Tom Richmond avertit que les jeunes apprenants et ceux qui manquent de confiance dans leurs propres capacités peuvent rapidement devenir dépendants de l’IA générative, qui devient alors une béquille dont ils ne peuvent plus se passer.
« Cela pourrait les empêcher d’obtenir un bon emploi, car ils n’auront pas acquis les habitudes d’apprentissage fondamentales ni la résilience nécessaires pour réussir dans de nouveaux environnements », explique-t-il.
Des recherches récentes mettent déjà en évidence un écart générationnel dans la pensée critique.
Le professeur Michael Gerlich, de la SBS Swiss Business School, a constaté dans une étude que l’usage fréquent d’outils d’IA est corrélé négativement avec les capacités de pensée critique, et le déchargement cognitif extrême y est pour beaucoup.
« Les jeunes participants se montraient plus dépendants des outils d’IA et obtenaient des scores de pensée critique plus faibles que les plus âgés », écrit-il.

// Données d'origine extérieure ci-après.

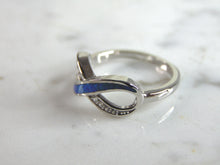 Load image into Gallery viewer, Womens Sterling Silver Modernist Infinity Opal Ring 2.5g E5046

Démotivation et perte de sens
Outre son effet sur les compétences, l’usage massif de l’IA au travail suscite des inquiétudes quant à la motivation et au lien au travail. « L’IA prive les jeunes — ou tout nouveau venu dans un domaine — des tâches modestes mais formatrices qui motivent à progresser et à gagner en compétence », observe Joe Allen.
Tom Richmond précise que les employeurs sont désormais confrontés à un défi majeur. D’un côté, l’IA permet aux employés de terminer plus vite leurs tâches, ce qui semble augmenter la productivité à court terme. Mais de l’autre, plus ils utilisent cet outil, plus ils risquent de fragiliser leur apprentissage et leur mémoire, devenant ainsi moins autonomes et moins compétents à long terme.
Toute la jeune génération ne sera pas affectée de la même façon.
Joe Allen souligne que de nombreuses écoles et universités de par le monde reviennent à des méthodes “à l’ancienne”, et font le choix d’une surveillance rapprochée des étudiants pour éviter qu’ils ne “déchargent” leur esprit sur les machines.
Il cite aussi les établissements qui interdisent les téléphones portables, estimant que leurs élèves s’en sortiront mieux que ceux des écoles où l’accès aux appareils numériques et à l’IA reste incontrôlé.
« Le problème de l’atrophie humaine, surtout chez les jeunes générations, va être immense, mais tout le monde ne sera pas logé à la même enseigne », conclut Joe Allen.